**Work to be completed**. If a record holds a picture, leave the picture out and print everything else exactly.

**Supplied information**.
___
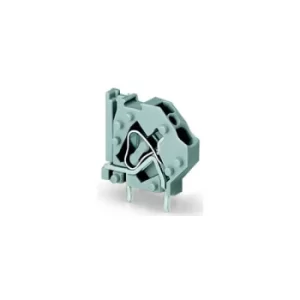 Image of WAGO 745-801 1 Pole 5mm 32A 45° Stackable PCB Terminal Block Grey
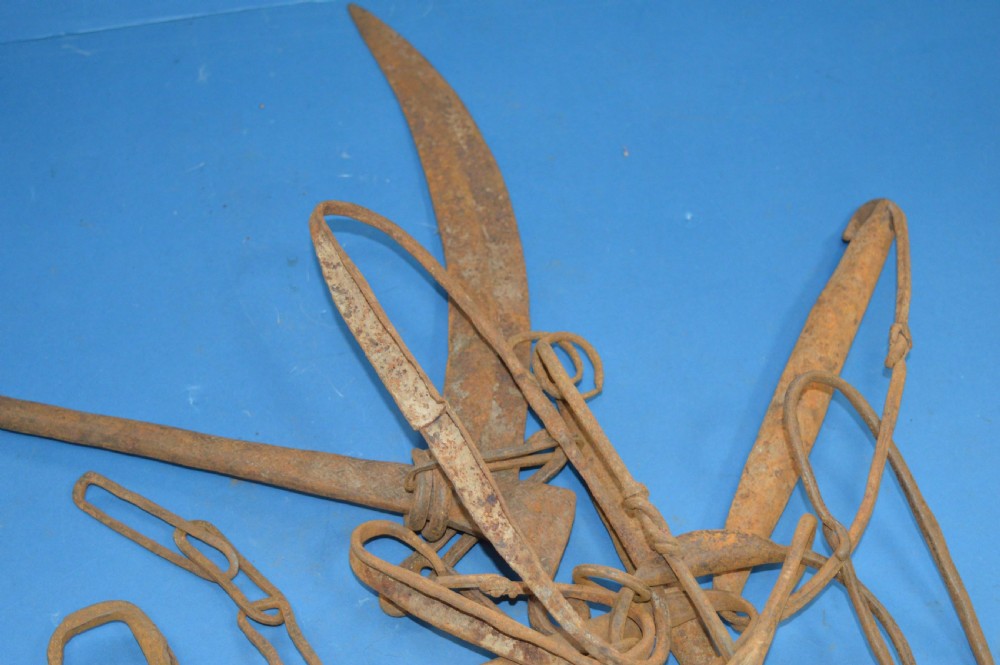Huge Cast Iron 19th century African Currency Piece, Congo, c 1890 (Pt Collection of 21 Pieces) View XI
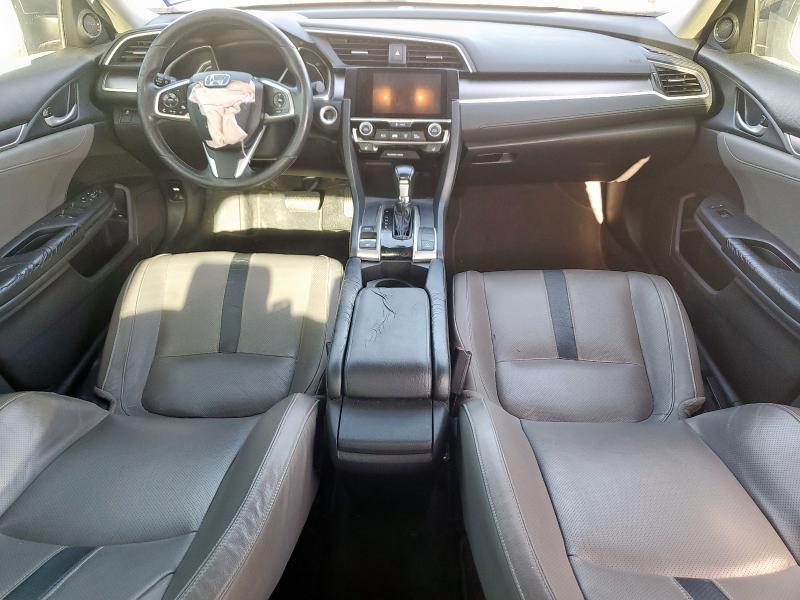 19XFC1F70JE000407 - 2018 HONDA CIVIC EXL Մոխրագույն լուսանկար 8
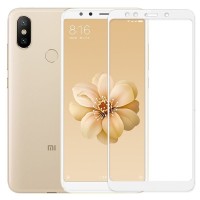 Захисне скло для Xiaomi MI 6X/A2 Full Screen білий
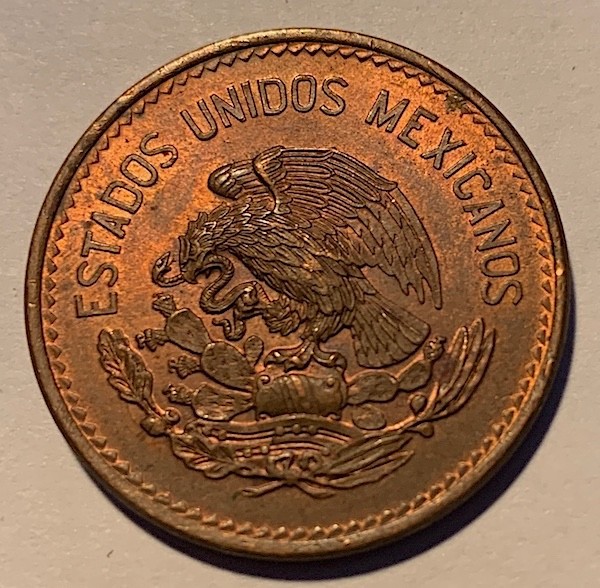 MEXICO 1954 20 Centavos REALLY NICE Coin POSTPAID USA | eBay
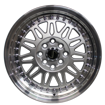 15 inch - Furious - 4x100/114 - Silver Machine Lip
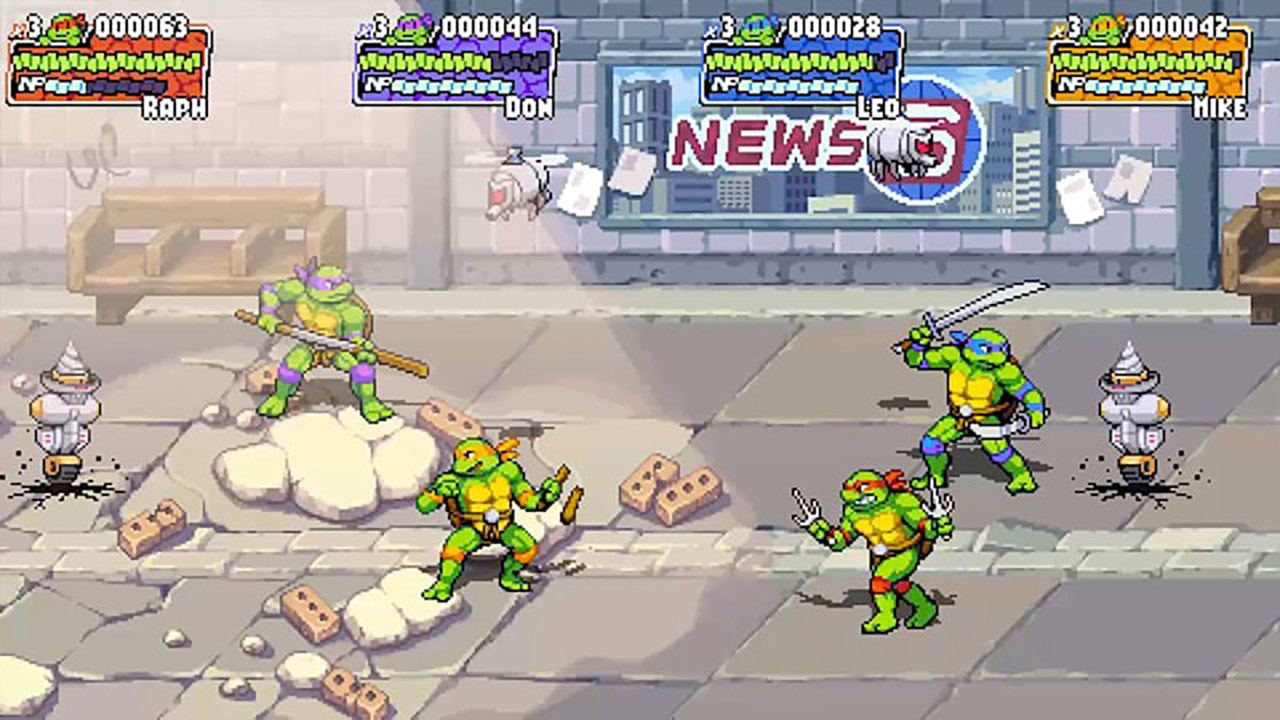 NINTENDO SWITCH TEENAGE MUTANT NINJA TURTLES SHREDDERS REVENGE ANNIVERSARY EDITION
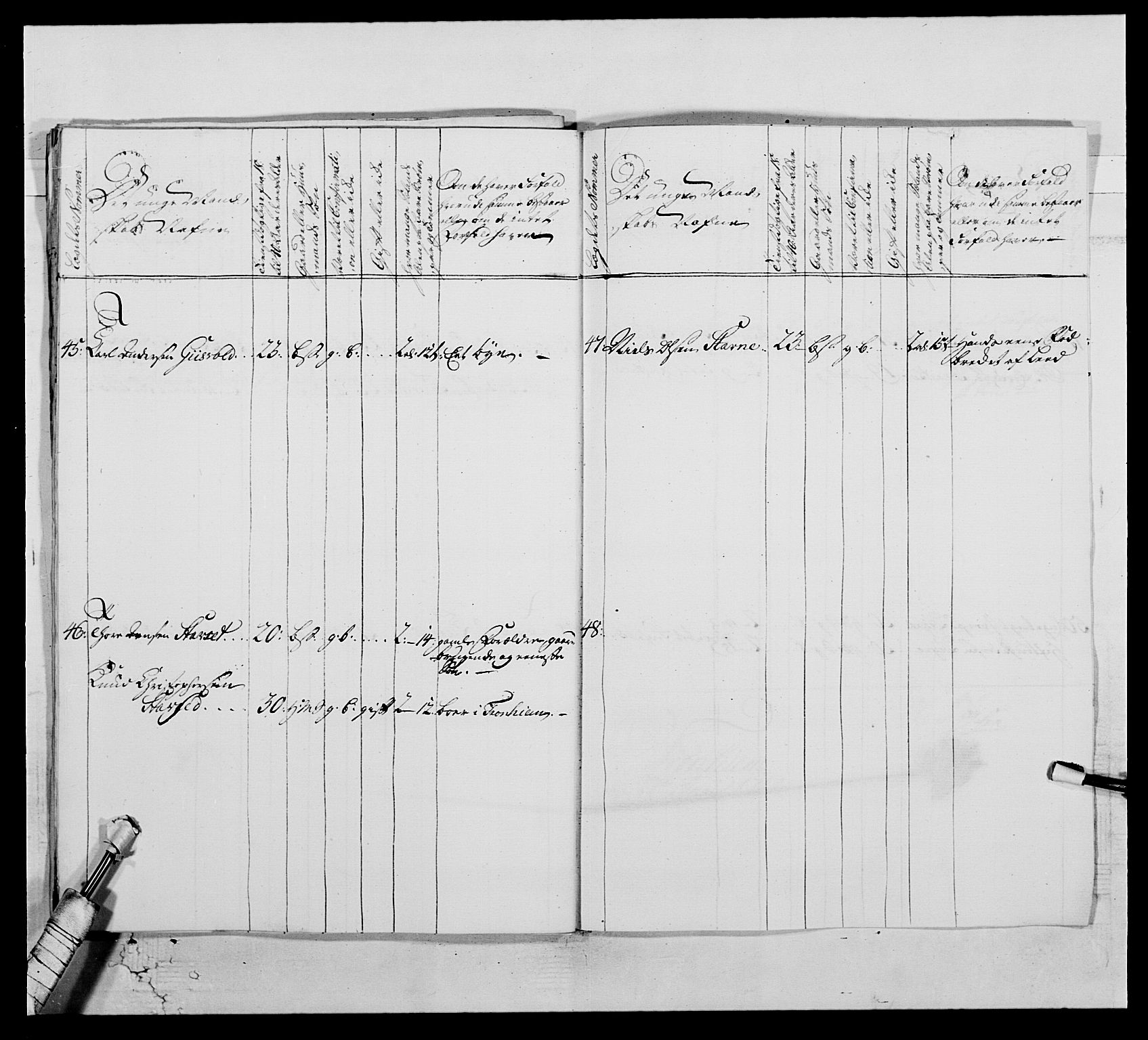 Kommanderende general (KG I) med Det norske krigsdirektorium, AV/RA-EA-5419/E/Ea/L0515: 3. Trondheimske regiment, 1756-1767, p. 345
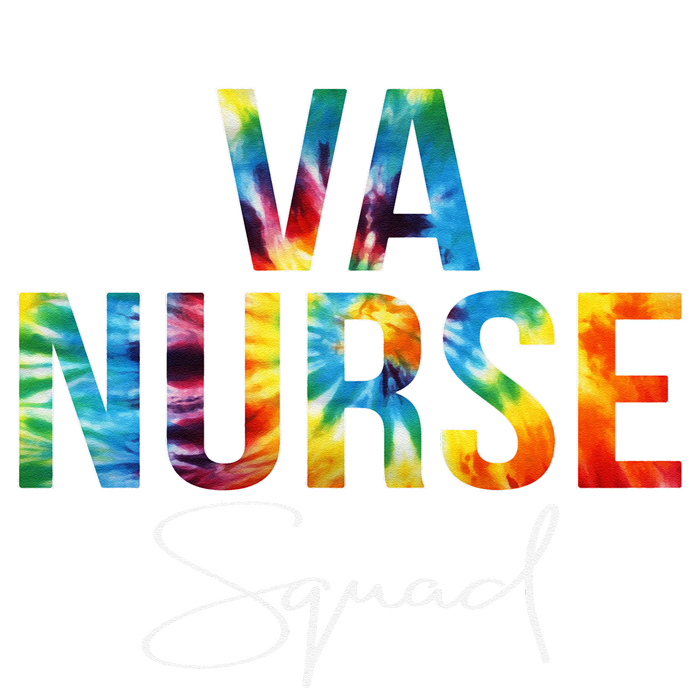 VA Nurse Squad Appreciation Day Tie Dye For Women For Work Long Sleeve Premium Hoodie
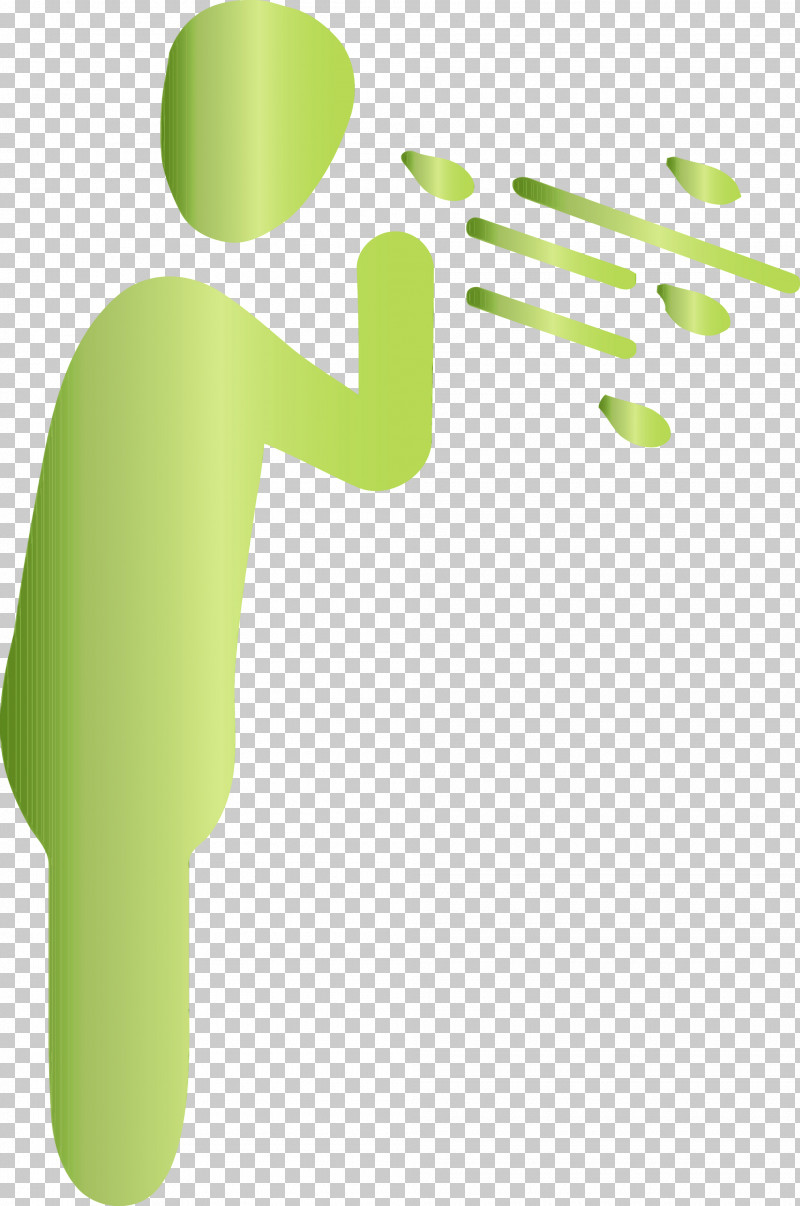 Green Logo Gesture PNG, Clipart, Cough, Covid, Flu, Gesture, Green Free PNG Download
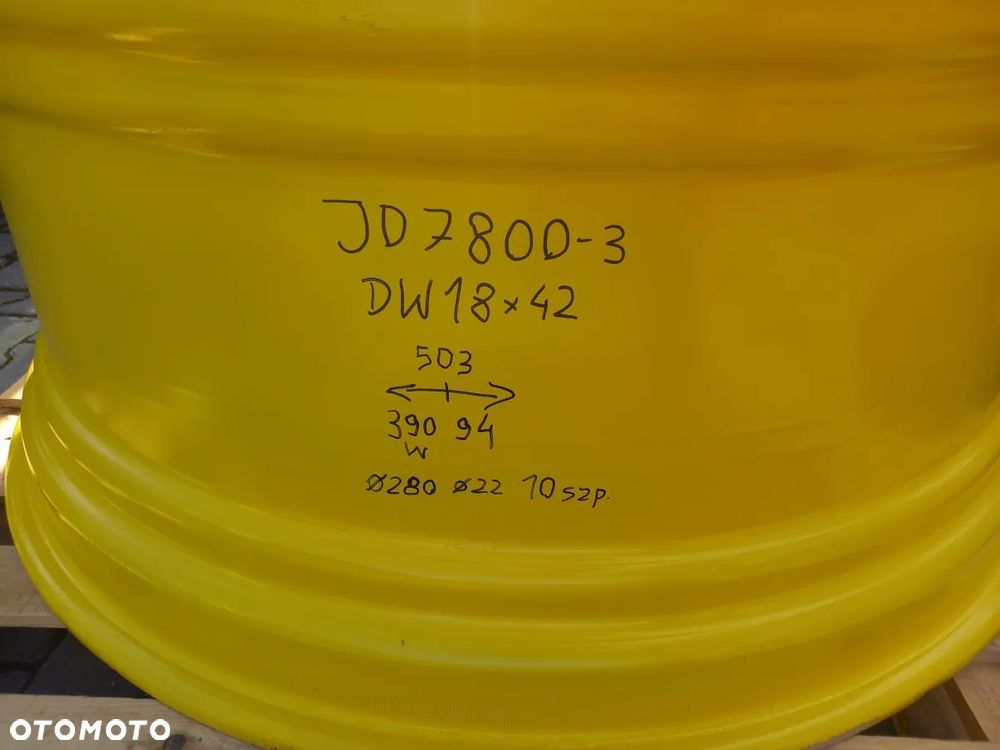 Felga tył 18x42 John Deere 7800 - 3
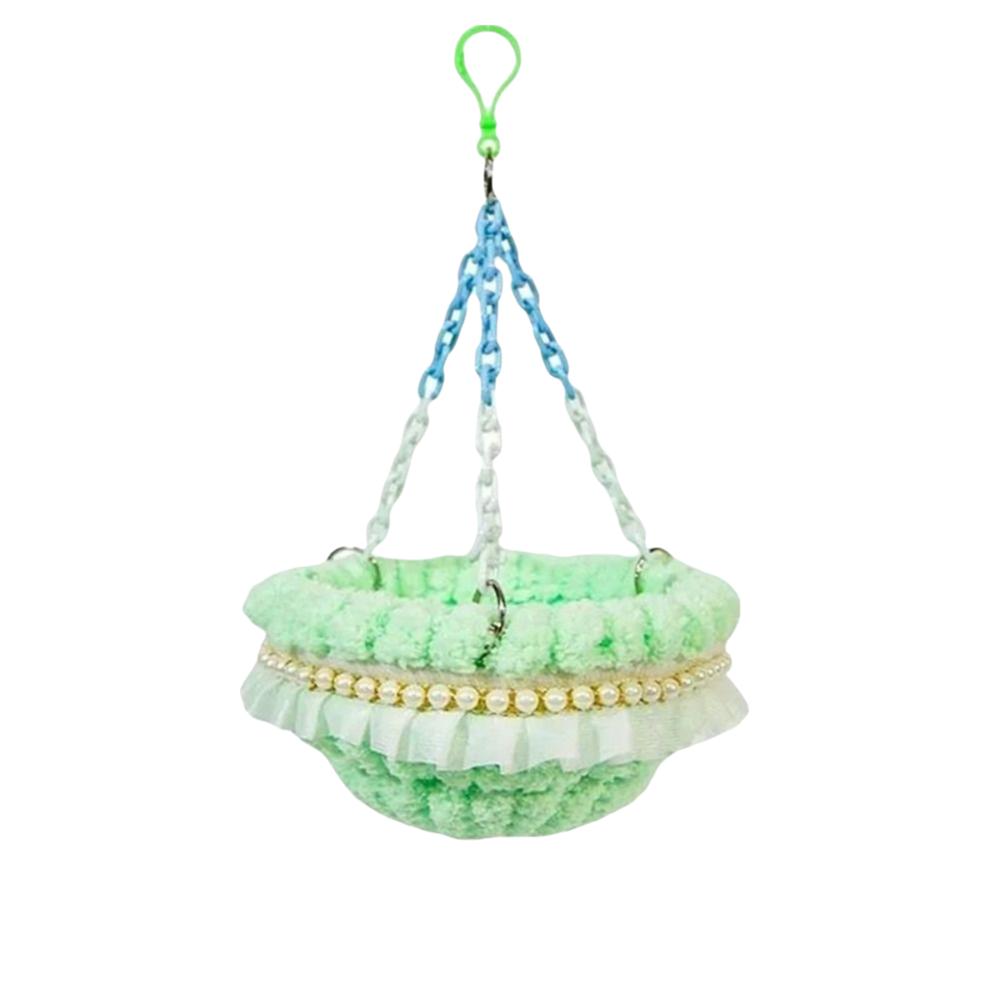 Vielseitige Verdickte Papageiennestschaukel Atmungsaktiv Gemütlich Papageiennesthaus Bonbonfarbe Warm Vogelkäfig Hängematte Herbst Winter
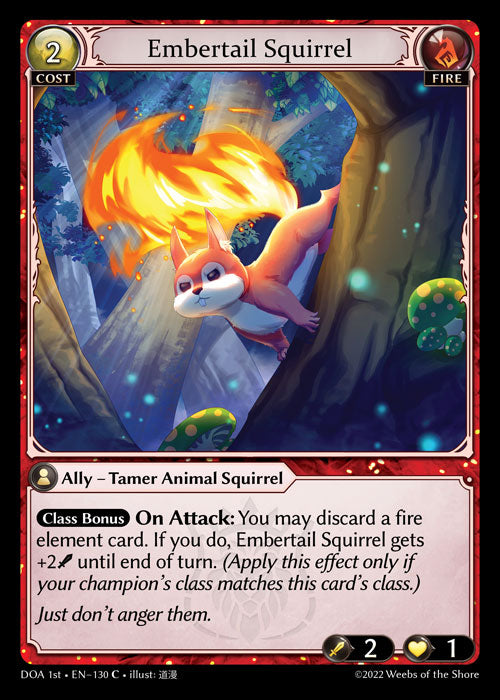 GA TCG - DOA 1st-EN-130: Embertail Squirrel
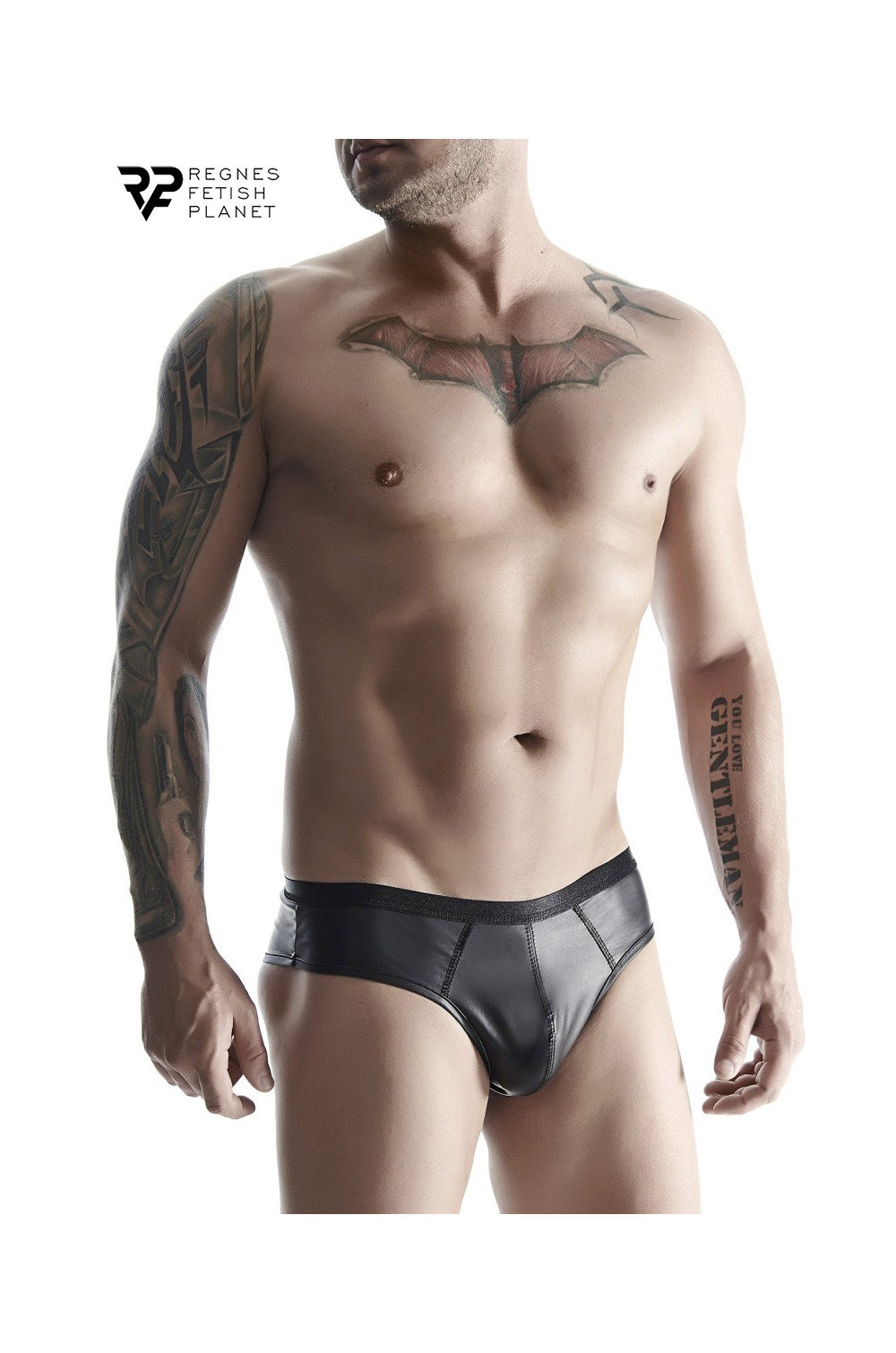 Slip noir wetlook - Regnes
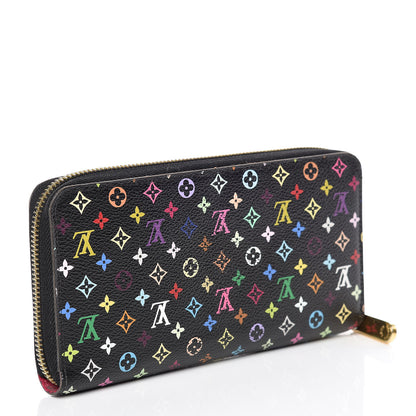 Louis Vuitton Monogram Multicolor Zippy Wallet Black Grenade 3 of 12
___
**Output of the task**.
 Image of WAGO 745-801 1 Pole 5mm 32A 45° Stackable PCB Terminal Block Grey
Huge Cast Iron 19th century African Currency Piece, Congo, c 1890 (Pt Collection of 21 Pieces) View XI
 19XFC1F70JE000407 - 2018 HONDA CIVIC EXL Մոխրագույն լուսանկար 8
 Захисне скло для Xiaomi MI 6X/A2 Full Screen білий
 MEXICO 1954 20 Centavos REALLY NICE Coin POSTPAID USA | eBay
 15 inch - Furious - 4x100/114 - Silver Machine Lip
 NINTENDO SWITCH TEENAGE MUTANT NINJA TURTLES SHREDDERS REVENGE ANNIVERSARY EDITION
 Kommanderende general (KG I) med Det norske krigsdirektorium, AV/RA-EA-5419/E/Ea/L0515: 3. Trondheimske regiment, 1756-1767, p. 345
 VA Nurse Squad Appreciation Day Tie Dye For Women For Work Long Sleeve Premium Hoodie
 Green Logo Gesture PNG, Clipart, Cough, Covid, Flu, Gesture, Green Free PNG Download
 Felga tył 18x42 John Deere 7800 - 3
 Vielseitige Verdickte Papageiennestschaukel Atmungsaktiv Gemütlich Papageiennesthaus Bonbonfarbe Warm Vogelkäfig Hängematte Herbst Winter
 GA TCG - DOA 1st-EN-130: Embertail Squirrel
 Slip noir wetlook - Regnes
 Louis Vuitton Monogram Multicolor Zippy Wallet Black Grenade 3 of 12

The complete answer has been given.